“I know that you believe you understand what you think I said, but I’m not sure you realize that what you heard is not what I meant.”
~ Robert McCloskey
Interesting that when you try to look up for confusion as the tag word in an online search engine, a lot would come up without really defining what it is. What comes close would be a description of the state of confusion–as a failure to distinguish between two things. Confusion could arise from a simple non-distinction between a set of colors, such as red and orange; to as grave as truth and lie. And when the latter happens, we often find a case of psychological malfunction somewhere in this circumstance.

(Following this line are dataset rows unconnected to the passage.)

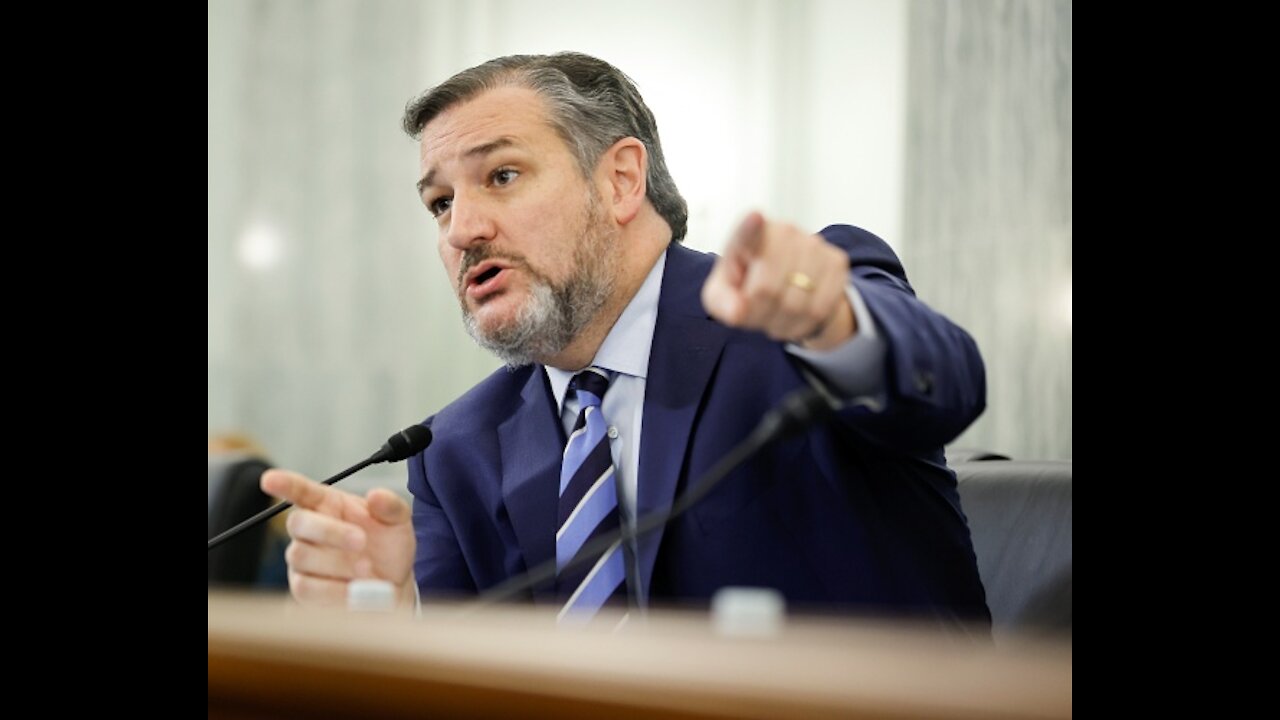 Ted Cruz Renews Call to Secure Border After 'Potential Terrorist' Apprehended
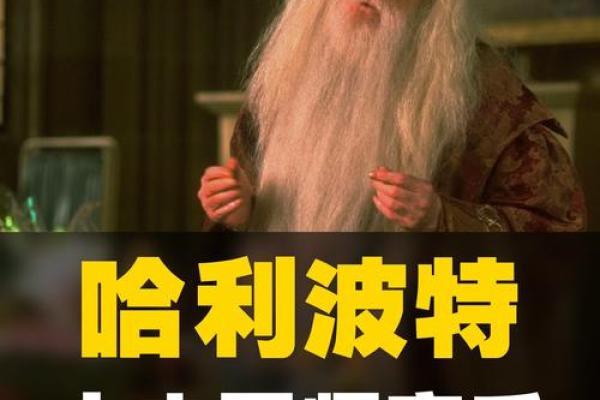 哈利波特少爷哪个星座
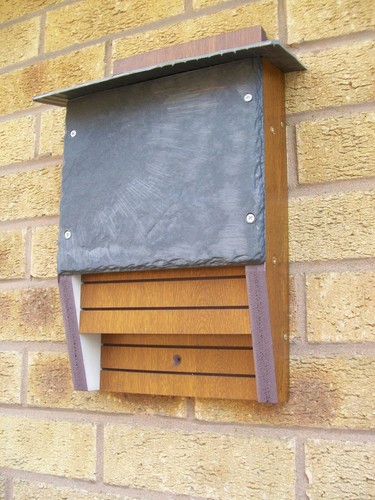 Twin chamber upvc - bat, nest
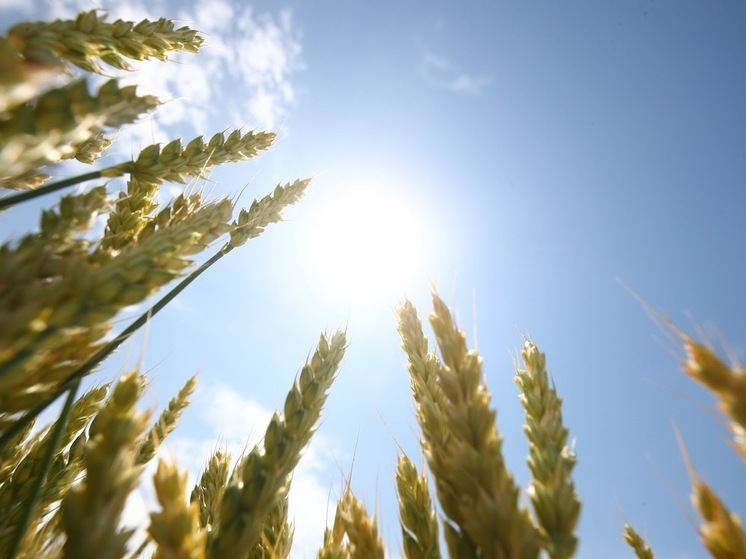 Астраханцам в последнюю субботу августа обещают ветреную и жаркую погоду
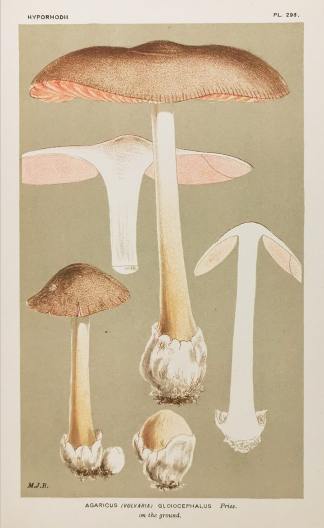 Agaricus (Volvaria) Gloiocephalus. - Antique Print from 1880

But isn’t it normal to not know what you want from what you already have? We may be able to list a lot of things that we wish we have and yet be at a loss for words when asked to enumerate what we already have. It is always that gap, that non-existing anything that we are preoccupied with, that sometimes creates a cloud of doubt, a shadow of envy, that prompts us to look the other way, all the time. Why can’t we just face the mirror and look at ourselves straight into our eyes? Admission is key. Acceptance isn’t going to be far behind.
So to cast a shadow of disbelief, creates illusions that we will never be able to know what we truly want. We can only surmise that we will not discover what our lives are meant for if we are too busy searching for the answer, and fail to live the life we ought to have lived. Confusion is a wake up call. Dreams can be realities, if we want them to.